Both Walmart and cable companies enjoyed their success by building a moat around customer touch point. Personalization was still at a zip-code/DMA level - where one Cable station or one Walmart store could maintain dominant position. Marketing had transitioned from a Mad-men style arcane art to nerdy pricing models run by statisticians.
Till now, a customer’s attention was a finite resource - limited by TV ad slots and self space. The internet upended both - the limited shelf space with its limited assortment at your nearest Walmart gave way to an infinite assortment of products visible by scrolling infinitely on your mobile screen. The distribution battleground had shifted from physical inventory (atoms) to information (bits).
Methods of information distribution and retrieval have evolved significantly over internet’s 30-year history. Version 1 was the curated media pioneered by Yahoo! in early 1990s. This technology relied on human operators curating internet pages and creating a directory.
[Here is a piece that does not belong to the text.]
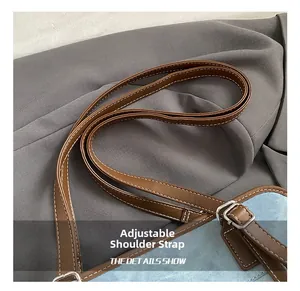 Detail of adjustable brown faux leather shoulder strap with silver buckle on denim bag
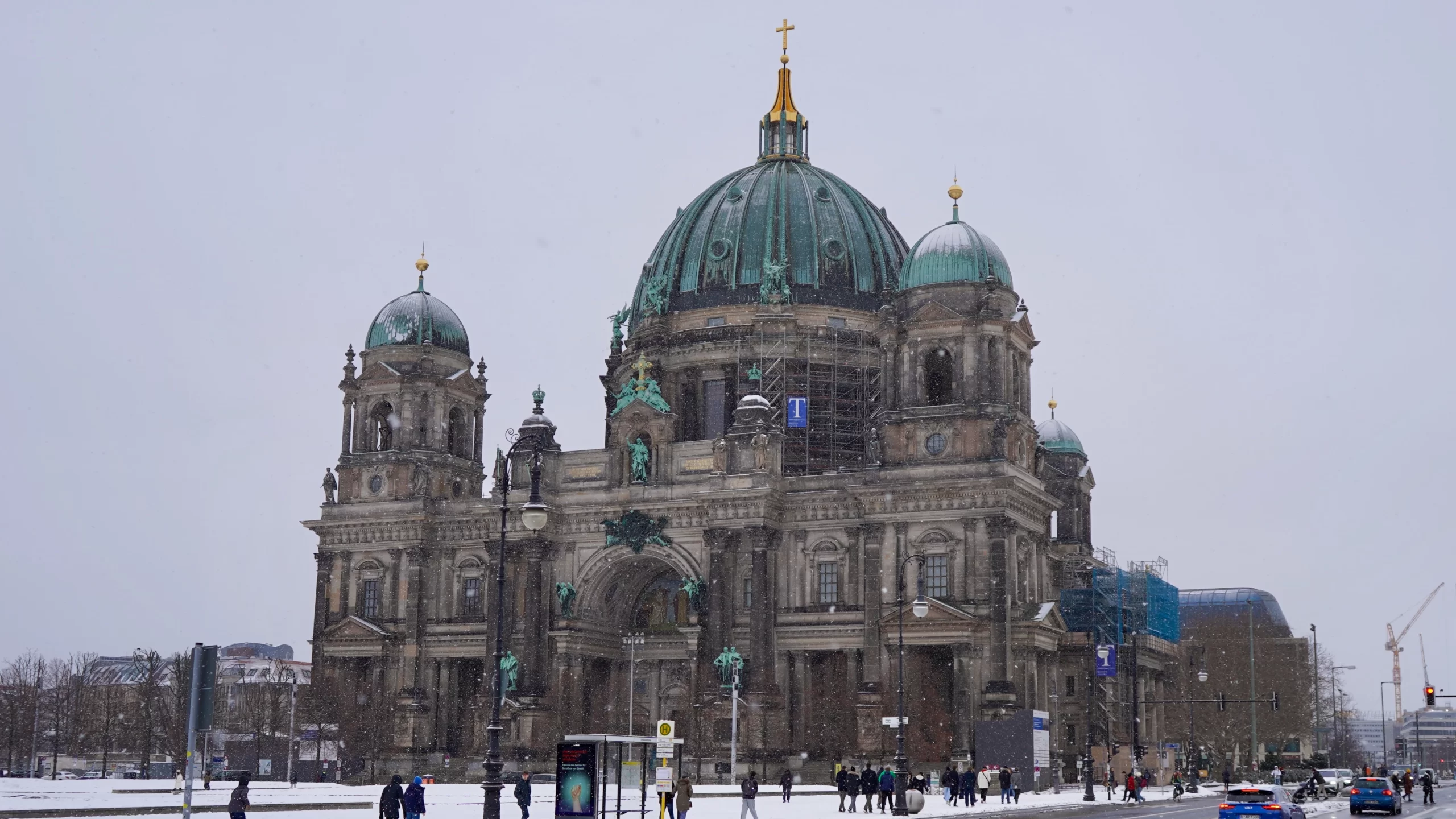 the Berlin Dom with snow falling and snow on the ground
Search engines started showing up in late 90s when manual curation of information soon became costly. User advanced search functionalities, Amazon opened up the ‘everything’ store to customers - A shopper was no longer constrained by items on shelves at the nearest supermarket; she could now scroll and browse the everything catalog.
Recommenders still played a supporting role to the more dominant search functionality. Search was the promise of delivering a one-stop storefront to an infinite inventory of content - books (Amazon web bookstore released in 1995), DVDs (Netflix launched DVD rental website in 1998), and digital music (iTunes released in 2001).
Tech Cos started hitting the /limits of search technology when the rate of content creation surpassed the rate of accurately classifying and tagging inventory/. The internet bubble witnessed the creation of marketplaces of commodities of all shapes and sizes. Soon the frontier of customer need has shifted - from /serving all the information to a customer/ to /delighting customers with contextual information/.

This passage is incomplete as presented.